Première question… ça te dérange si je fume ?
Oui! (Premier éclat de rire) Désolé, je dois vraiment préserver ma gorge.

Peux-tu me raconter la genèse de The Narcotic Story? Comment l’idée de cet album a-t-elle germé et grandi depuis An Evil Heat en 2002?
Il y a deux réponses à cette question. La première nous concerne en tant que musiciens. Nous avons essayé de faire quelque chose que nous n’avions jamais fait auparavant. Lorsqu’ils deviennent connus, certains artistes épuisent leurs forces à essayer de faire et de refaire le même album, encore et encore. Si c’est vraiment ce que tu veux atteindre, d’un point de vue philosophique, alors tu dois en donner différentes versions et l’envisager sous différentes perspectives, comme dans Rashomon, le film de Kurosawa. La deuxième réponse, c’est que cela fait quatre ans que l’on joue The Narcotic Story mais comme pour tous nos autres disques, cet album est simplement le reflet de nos vies à un moment donné, ni plus ni moins. Je crois que l’on ne peut pas documenter sa vie si on ne la vit pas… En tout cas, nous avons essayé de documenter nos vies en utilisant la musique, et en ce qui me concerne, l’écriture. Finalement, même si le groupe et moi-même utilisons différents mediums, nous avons tous fini par converger vers la même chose: The Narcotic Story, avec ce son, ces arrangements, cette violence. Ça nous a pris des années et des années de répétition, petit bout par petit bout, jusqu’à ce qu’on aboutisse à quelque chose qui avait un sens pour nous tous.

Vous avez travaillé petit bout par petit bout, mais aviez-vous une vision globale de ce à quoi vous vouliez aboutir?
De mon point de vue, non. J’écris les textes et les titres. Dans mon esprit tous les albums mis bout-à-bout forment un livre. Fuckfest, King Of The Jews, Let Me Be A Woman… tous sont des pages ou des chapitres d’un seul et même livre.

Ton livre?
Moi! (Rires)

Est-ce que les autres membres du groupe ont aussi leur propre livre?
Ils travaillent et construisent les structures musicales autour des thèmes que je leur propose.
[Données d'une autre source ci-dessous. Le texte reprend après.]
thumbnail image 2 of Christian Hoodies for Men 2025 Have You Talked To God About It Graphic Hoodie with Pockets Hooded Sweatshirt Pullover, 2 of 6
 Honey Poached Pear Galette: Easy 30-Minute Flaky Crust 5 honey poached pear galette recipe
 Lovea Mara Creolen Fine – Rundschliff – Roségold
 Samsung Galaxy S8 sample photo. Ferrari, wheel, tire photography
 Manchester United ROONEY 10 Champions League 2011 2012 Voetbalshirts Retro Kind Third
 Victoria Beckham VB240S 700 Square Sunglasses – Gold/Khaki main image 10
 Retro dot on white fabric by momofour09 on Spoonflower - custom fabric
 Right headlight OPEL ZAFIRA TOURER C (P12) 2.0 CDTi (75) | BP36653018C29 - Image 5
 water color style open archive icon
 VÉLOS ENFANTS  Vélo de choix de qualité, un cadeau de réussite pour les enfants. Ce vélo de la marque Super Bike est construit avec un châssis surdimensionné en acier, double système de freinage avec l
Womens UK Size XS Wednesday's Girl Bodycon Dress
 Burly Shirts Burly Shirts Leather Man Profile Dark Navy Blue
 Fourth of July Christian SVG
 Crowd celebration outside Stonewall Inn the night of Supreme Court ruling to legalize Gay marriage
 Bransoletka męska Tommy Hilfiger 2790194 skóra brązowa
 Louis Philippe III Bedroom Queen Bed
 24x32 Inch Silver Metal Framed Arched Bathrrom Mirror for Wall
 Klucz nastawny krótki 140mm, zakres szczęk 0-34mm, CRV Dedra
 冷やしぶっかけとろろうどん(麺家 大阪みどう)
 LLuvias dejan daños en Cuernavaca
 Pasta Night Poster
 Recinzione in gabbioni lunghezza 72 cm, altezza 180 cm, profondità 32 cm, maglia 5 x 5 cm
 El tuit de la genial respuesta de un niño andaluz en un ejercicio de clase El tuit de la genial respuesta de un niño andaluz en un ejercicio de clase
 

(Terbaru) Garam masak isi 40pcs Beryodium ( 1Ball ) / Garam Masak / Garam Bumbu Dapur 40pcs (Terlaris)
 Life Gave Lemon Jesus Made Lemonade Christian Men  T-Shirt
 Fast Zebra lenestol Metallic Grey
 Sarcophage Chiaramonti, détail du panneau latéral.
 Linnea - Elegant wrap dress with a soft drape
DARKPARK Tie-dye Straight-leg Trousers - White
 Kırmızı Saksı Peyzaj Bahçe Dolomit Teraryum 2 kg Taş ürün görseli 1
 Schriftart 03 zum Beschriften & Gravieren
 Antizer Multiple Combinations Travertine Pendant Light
Donc il n’y a pas tellement de différence pour moi… Ou peut-être que si, ça fait une différence. Lorsque j’écris, j’espère toujours qu’une réelle connexion émotionnelle s’établira entre mes textes, les thèmes que j’aborde et le reste du groupe. Mais le fait est que deux personnes ne sont et ne seront jamais tout à fait sur la même longueur d’onde émotionnelle, n’est-ce pas? Je crois que l’essence de ce que l’on fait réside dans ce qu’ils forment un vrai noyau dur et qu’ils arrivent à construire une trame émotionnelle forte autour des textes, des thèmes et des titres que je leur donne. Et tout ça ne peut fonctionner que si tu gardes à l’esprit que tout ce qui compte, c’est de faire exactement et artistiquement ce que tu es et ce que tu veux.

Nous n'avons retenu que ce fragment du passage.